> _Supplied data_

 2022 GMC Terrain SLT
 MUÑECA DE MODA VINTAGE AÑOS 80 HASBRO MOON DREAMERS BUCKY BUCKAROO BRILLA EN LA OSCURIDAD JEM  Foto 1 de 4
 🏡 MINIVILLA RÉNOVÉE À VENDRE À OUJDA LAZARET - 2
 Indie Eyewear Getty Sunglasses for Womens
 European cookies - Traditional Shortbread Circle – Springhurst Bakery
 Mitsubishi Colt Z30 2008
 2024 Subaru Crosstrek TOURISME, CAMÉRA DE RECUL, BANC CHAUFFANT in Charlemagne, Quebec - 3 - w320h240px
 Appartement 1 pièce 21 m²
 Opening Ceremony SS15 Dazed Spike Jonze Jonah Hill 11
---
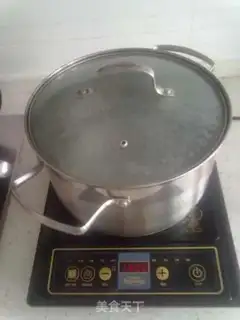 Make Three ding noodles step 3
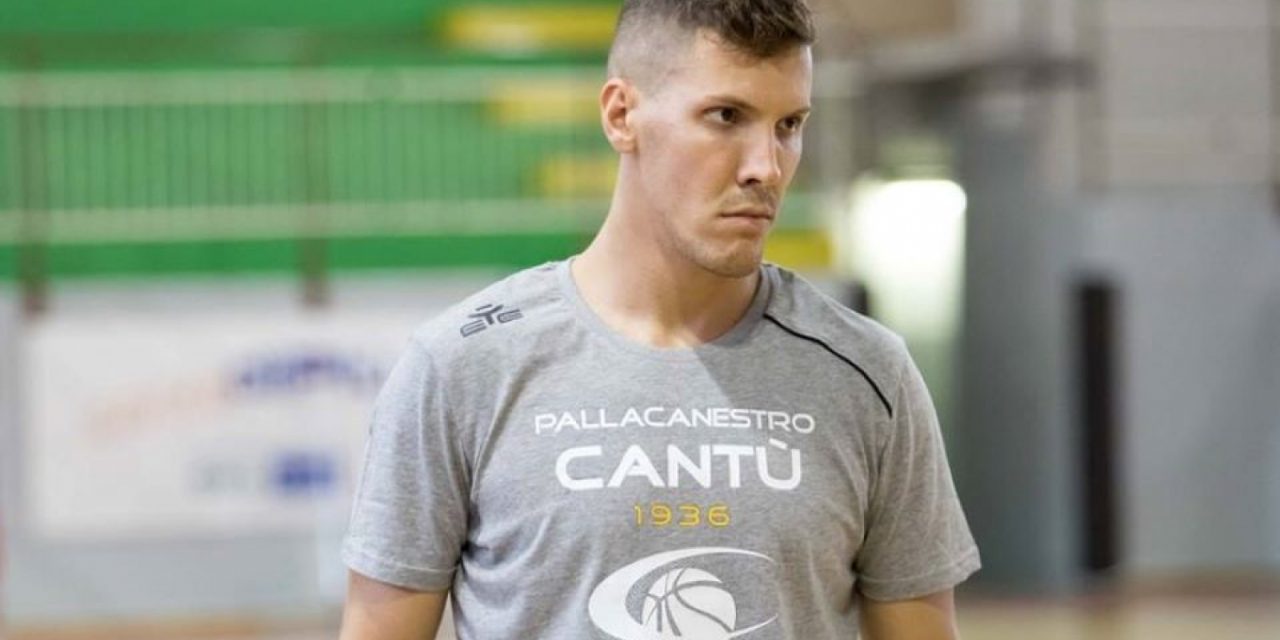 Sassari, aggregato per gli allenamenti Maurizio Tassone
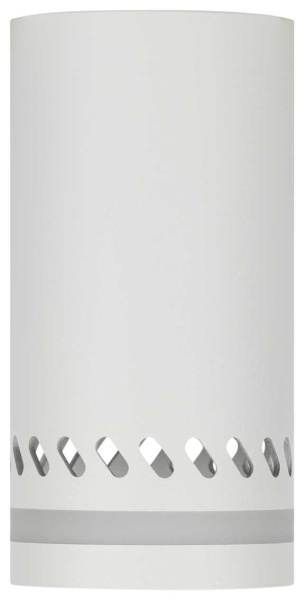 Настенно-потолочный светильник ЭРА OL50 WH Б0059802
...
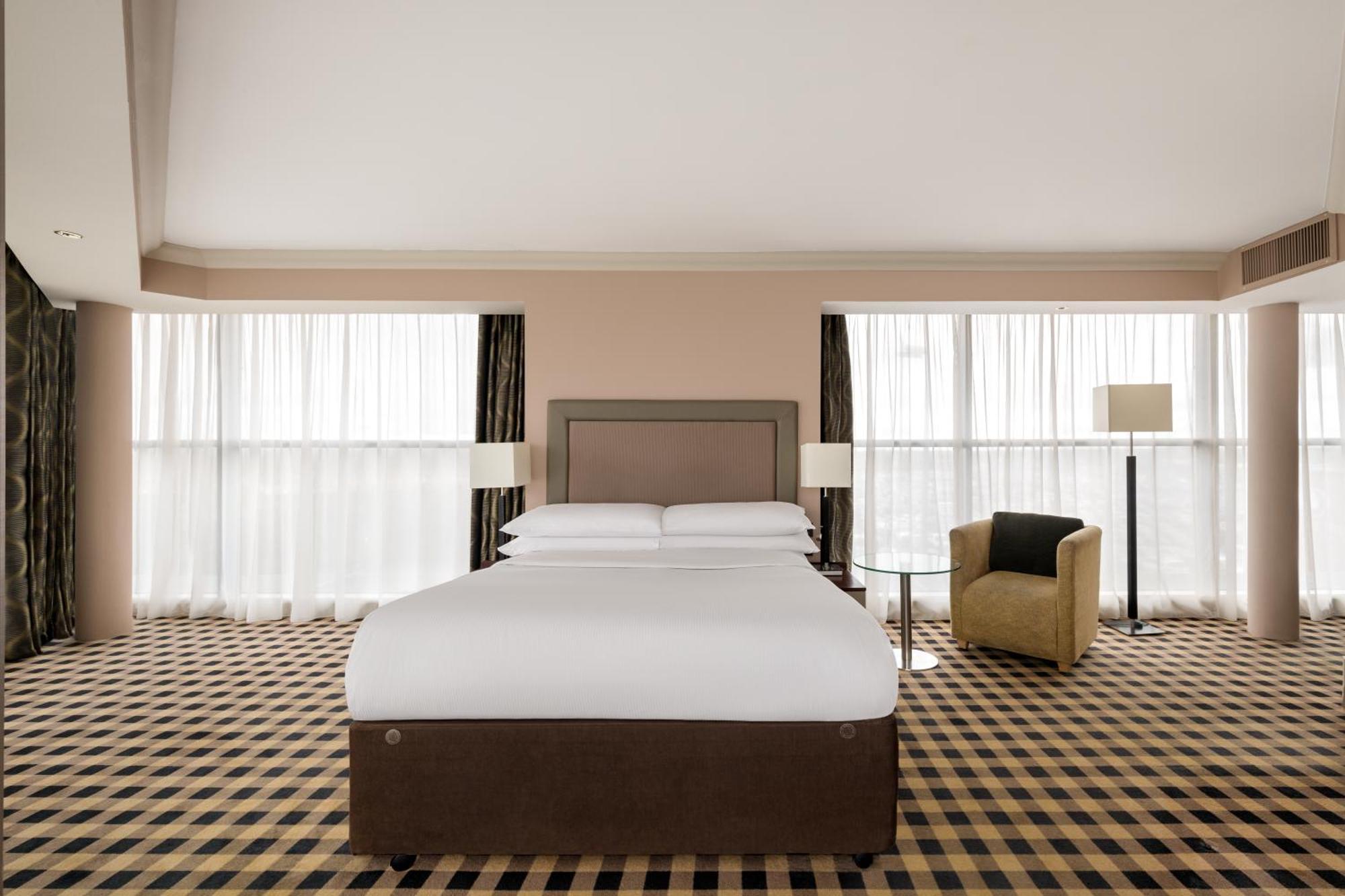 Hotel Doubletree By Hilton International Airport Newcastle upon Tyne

> _Work task_
Take from the material above the lines running from the one with "MUÑECA DE MODA" through the one with "Mitsubishi Colt Z30 2008", and repeat them exactly, with nothing else.

> _Response to the exercise_
 MUÑECA DE MODA VINTAGE AÑOS 80 HASBRO MOON DREAMERS BUCKY BUCKAROO BRILLA EN LA OSCURIDAD JEM  Foto 1 de 4
 🏡 MINIVILLA RÉNOVÉE À VENDRE À OUJDA LAZARET - 2
 Indie Eyewear Getty Sunglasses for Womens
 European cookies - Traditional Shortbread Circle – Springhurst Bakery
 Mitsubishi Colt Z30 2008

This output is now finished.